Nachdem vergangene Woche bereits die dritte französische Regierung innerhalb von anderthalb Jahren gescheitert ist, soll nun ein neues, junges Gesicht Frankreich regieren. Ob dies gelingt, ist fraglich.

Seit den vorgezogenen Parlamentswahlen im Juli 2024 ist die französische Nationalversammlung in drei Lager gespalten. Neben Macrons zentristischer Partei Ensemble! konnten vor allem der linke Block und das rechtspopulistische Rassemblement National deutlich an Stimmen gewinnen, wodurch lediglich das Zustandekommen von Minderheitsregierungen realistisch ist. Dieser instabilen Situation vielen bereits zwei Premierminister zum Opfer: Im Dezember 2024 scheiterte der 74-jährige Michel Barnier an einem Misstrauensvotum, nachdem er versuchte mit einem neuen Haushaltsplan die Staatsverschuldung unter Kontrolle zu bringen. Vergangene Woche scheiterte dann der 74-jährige François Bayrou an der gleichen Aufgabe, woraufhin ihm ebenfalls, das Vertrauen des Parlaments entzogen wurde.
Mit 39 ins Machtzentrum
Nach den beiden über 70-jährigen Vorgängern soll nun der 39-jährige Sébastien Lecornu die politische Lage stabilisieren. Schon als Jugendlicher von Politik begeistert, trat er früh in die Politik ein und engagierte sich bei der Schwesterpartei der CDU, Les Républicains. Nach dem Abbruch seines Studiums des Öffentlichen Rechts wurde er Berater des damaligen Staatssekretärs Bruno Le Maire und rückte dank seiner Kontakte schnell in den Parteivorstand auf. Mit dem Aufstieg Emmanuel Macrons und seiner Partei, sah er seine Chance gekommen, was ihn zu einem Wechsel der politischen Lager veranlasste. In seiner neuen Partei avancierte er mit Macrons Unterstützung zunächst zum Minister für die Überseegebiete und in der folgenden Legislaturperiode zum Verteidigungsminister.
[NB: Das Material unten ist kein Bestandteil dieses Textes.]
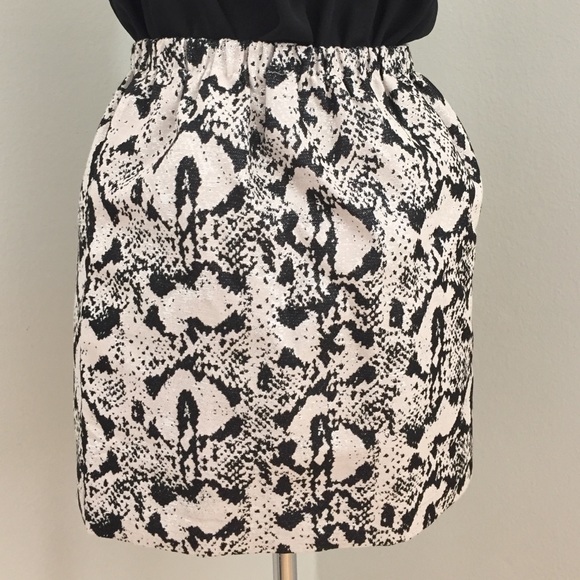 Gorgeous Sparkle And Fade Snake Print Mini - image 2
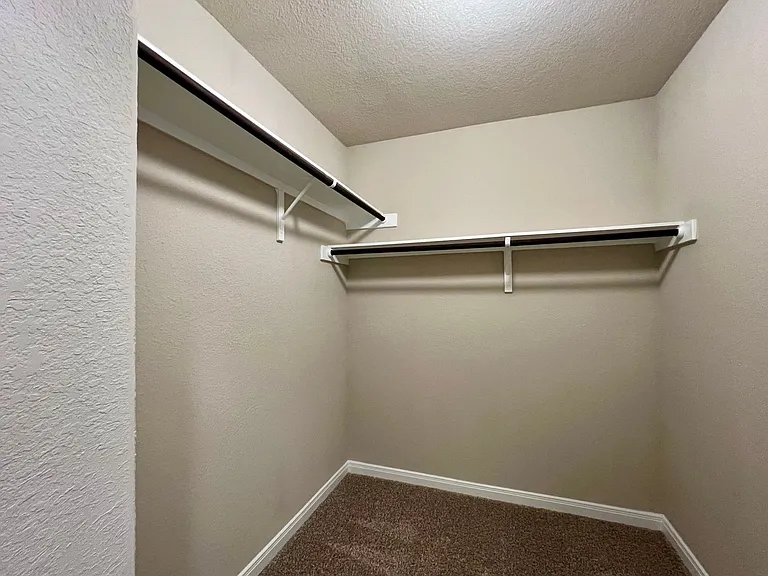 1606 Misty Elm St — Photo 27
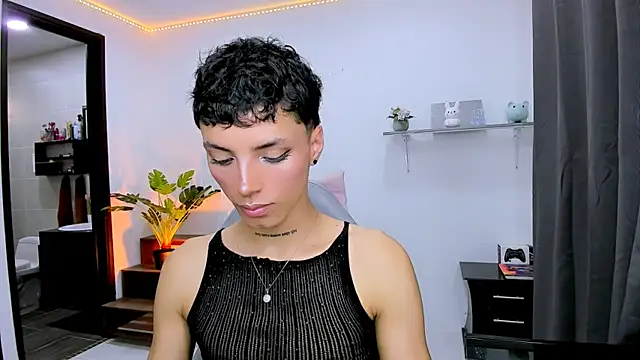 nilam valker online show from September 20, 2025, 6:02 pm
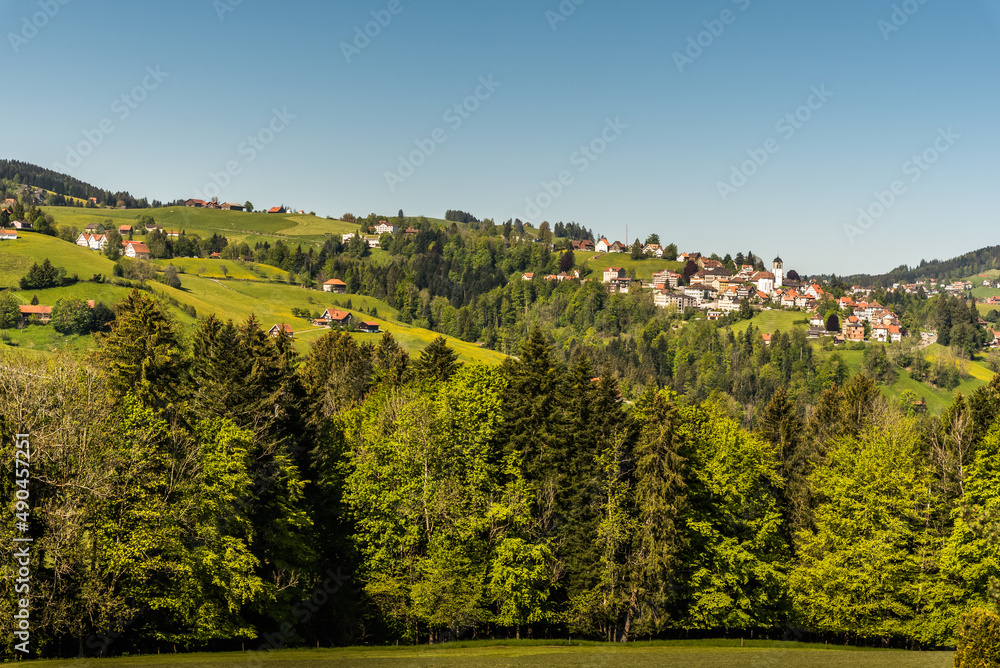 Blick auf das Dorf Trogen im Appenzellerland, Kanton Appenzell Ausserrhoden, Schweiz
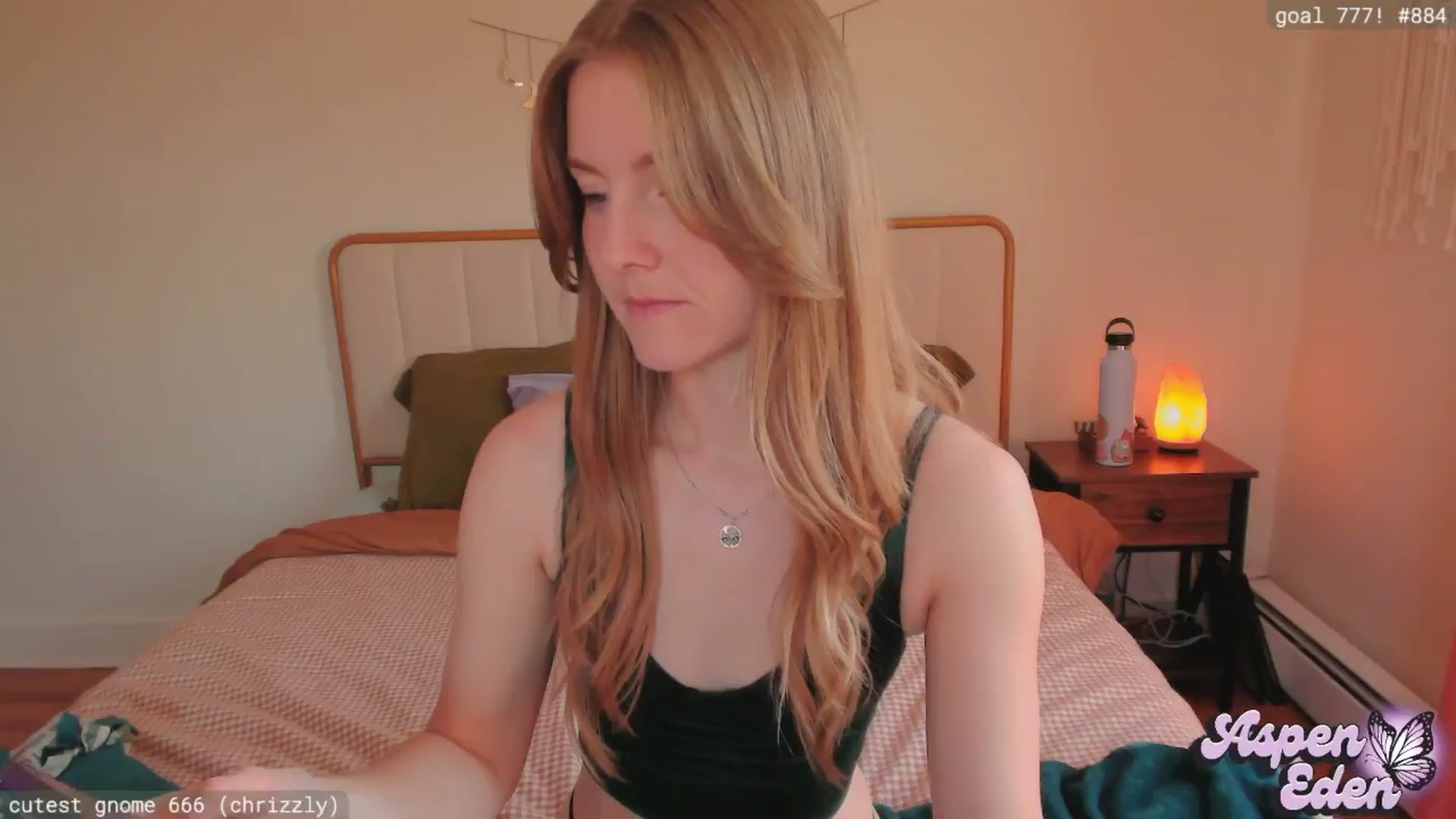 Gallery image thumbnail from AspenEden's myfreecams stream on, 04/12/2026, 17:24 image 17 of 20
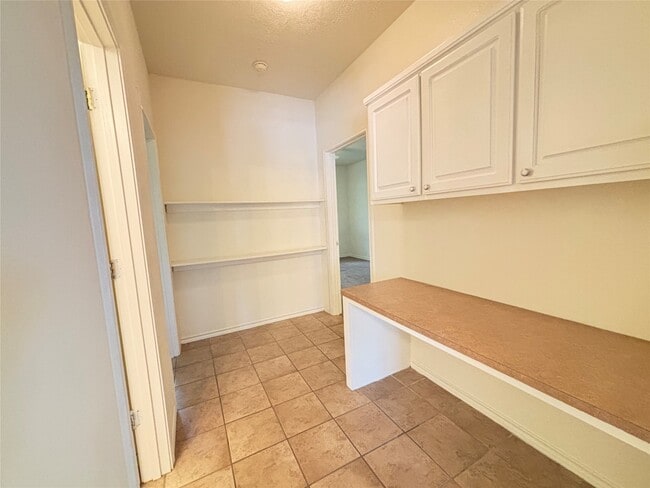 Building Photo - 2455 Montgomery Rd Unit 7 Rental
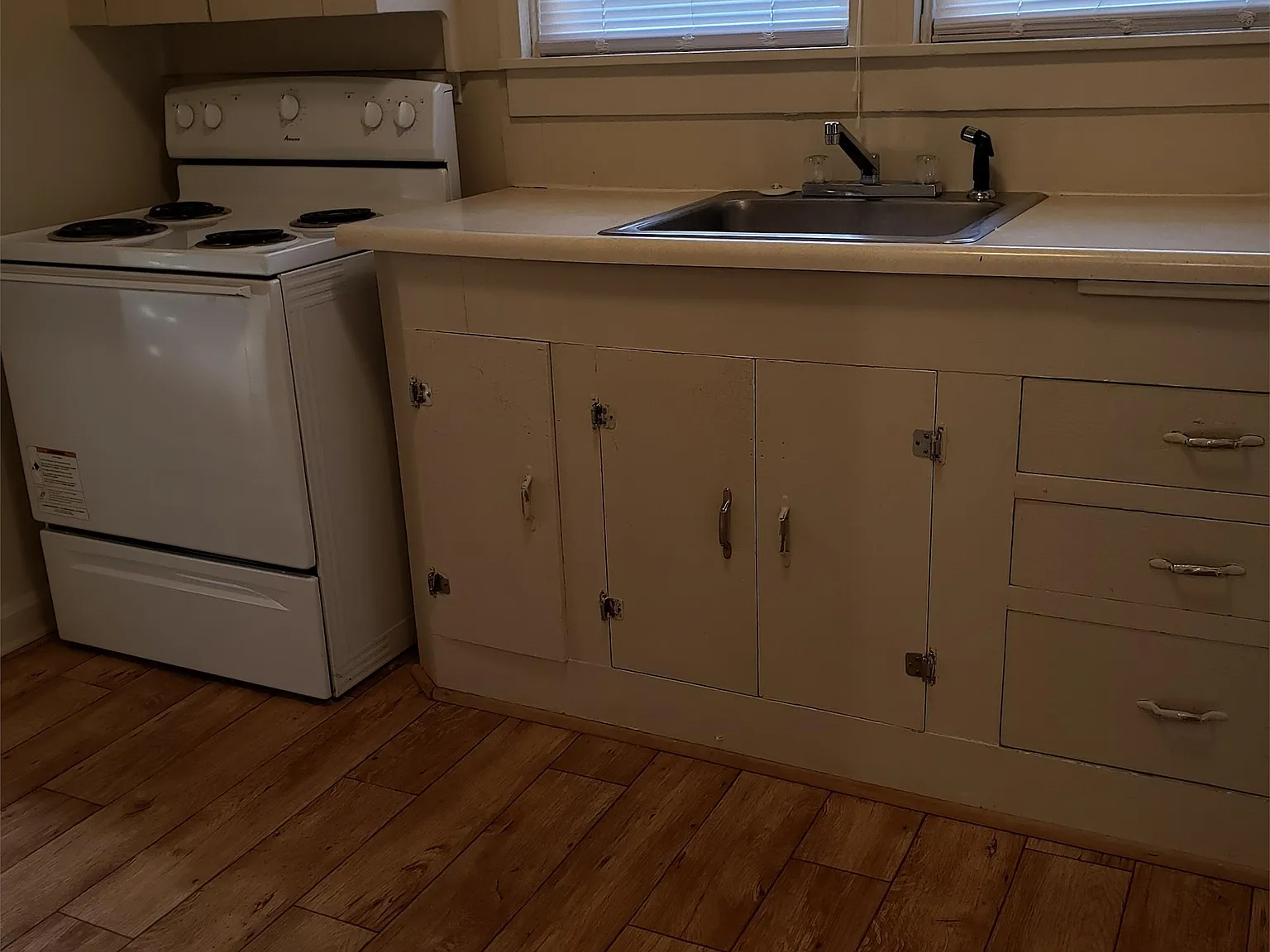806 N 2nd St - 1 — Photo 3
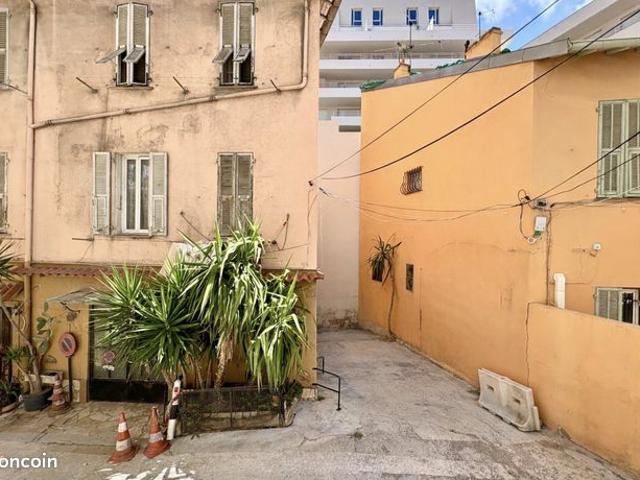 Appartement 1 pièce 27 m²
Lecornu zwischen allen Lagern
Neben seinem jungen Alter bringt Lecornu dabei einige Eigenschaften mit, die Macron nützlich sein dürften: Er gilt als kompromissfähig und soll zwischen den politischen Lagern vermitteln können. Im Gegensatz zu seinen beiden Vorgängern hat er außerdem keine langjährige Karriere in den Institutionen der bei vielen Franzosen unbeliebten Europäischen Union vorzuweisen. Zudem sucht er den Austausch auch mit den politischen Rändern und zeigte selbst gegenüber dem Rassemblement National keine Berührungsängste – etwa bei einem gemeinsamen Abendessen mit Marine Le Pen. Auch mit der politischen Linken und insbesondere den starken Gewerkschaften sind bereits intensive Gespräche geplant.
Frankreichs Dauerkrise
Frankreichs Politikexperten sind sich einig: Wenn jemand die gespaltene Nationalversammlung zusammenhalten kann, dann Lecornu. Doch ob eine Konsolidierung von Macrons Frankreich überhaupt noch möglich ist, bleibt fraglich. Neben der massiven Überfremdung mit all ihren bekannten Folgeproblemen belastet die zunehmende Staatsverschuldung das Land. Bisher konnte keine Lösung gefunden werden, die im Parlament eine Mehrheit gefunden hätte. Ob Lecornu dieses Problem angehen kann oder ob er wie seine Vorgänger nach wenigen Monaten scheitert, ist offen. Dass kurz nach seinem Amtsantritt die Kreditwürdigkeit Frankreichs herabgestuft wurde, scheint jedenfalls kein gutes Zeichen zu sein.